In the run-up to the meeting, as well as in its aftermath, there was a press feeding frenzy, as the boardroom drama was characterised as a "bar-room brawl". But what happens to the company once the broken glass is swept off the floor and the blood wiped from the walls?

John Lovering, the outgoing chairman of Debenhams, has been installed as the new chairman, while former Hamley's boss Simon Burke, Fitness First founder Michael Balfour, and former Scottish and Newcastle executive Jeremy Blood were all appointed as board directors after being proposed by Piedmont.

Chief executive Adam Fowle appeared to have survived unscathed, as did finance director Jeremy Townsend.

Lovering has already proposed a "thorough review" of the business over the next 60 days, concentrating on brand, overheads and expenditure, the results of which analysts expect to see by the time the company issues a trading update in March, at the end of its first-half period.

However few believe that Lewis's victory in the boardroom battle means that he will call the shots through his representatives on the board.

Nigel Parson, analyst at Evolution Securities, said: "The principle of one shareholder dominating the board is of concern. But I think you would struggle to call the new directors appointed puppets. They have very good CVs in their own right."

Meanwhile, Mark Brumby, an analyst with Astaire Securities, added: "The company is continuing a review but it wants to put the past behind it. The fact that we have not had any resignations at board level is good. There has been no scorched earth retreat or anything like that, which is something to be grateful for."

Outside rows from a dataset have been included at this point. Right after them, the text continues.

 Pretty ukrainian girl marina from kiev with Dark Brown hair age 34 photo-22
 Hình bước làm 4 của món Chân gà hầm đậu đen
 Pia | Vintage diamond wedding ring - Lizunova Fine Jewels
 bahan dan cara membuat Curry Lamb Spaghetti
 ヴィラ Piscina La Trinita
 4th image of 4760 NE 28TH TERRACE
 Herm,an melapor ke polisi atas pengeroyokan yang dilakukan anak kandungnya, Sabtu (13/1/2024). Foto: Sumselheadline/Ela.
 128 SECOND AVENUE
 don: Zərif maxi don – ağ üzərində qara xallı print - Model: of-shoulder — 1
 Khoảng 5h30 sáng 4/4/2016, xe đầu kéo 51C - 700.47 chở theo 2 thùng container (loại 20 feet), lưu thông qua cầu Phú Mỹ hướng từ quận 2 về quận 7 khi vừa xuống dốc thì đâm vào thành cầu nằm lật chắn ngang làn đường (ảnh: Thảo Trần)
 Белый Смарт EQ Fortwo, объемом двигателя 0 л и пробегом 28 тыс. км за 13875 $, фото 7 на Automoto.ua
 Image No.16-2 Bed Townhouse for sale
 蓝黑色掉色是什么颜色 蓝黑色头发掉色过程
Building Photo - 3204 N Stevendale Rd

And as another analyst pointed out, with Fowle still in charge as chief executive, it is unlikely that the company will deviate from its plan, already revealed in a presentation earlier this month, to expand six of its brands - Vintage Inns, Harvester, Toby Carvery, Sizzling Pub Company, Premium Country Dining and Crown Carveries - by 50-100%. The six brands currently account for around 900 of the 1,970 outlets in M&B's estate.

"I have heard that Piedmont were happy when Adam Fowle was appointed and they therefore think that he deserves a chance," the analyst added.

That does beg the question why Lewis and others pushed for such extensive change to the board in the first place - change that the M&B board reputedly spent £2m attempting to resist - given that the strategy set out before the annual meeting looks likely to endure.

But, as one observer put it: "In a messy divorce, if you ask whose fault it was, you are never going to get the truth. You are just going to get a lot of accusations and entrenched positions. And once both sides had dug their heels in it was quite likely to end the way it did."

Another added: "I think the mud-slinging has probably damaged M&B and Piedmont. That damage has probably reduced the pool of potential investors in the shorter term, pending the re-establishment of trust."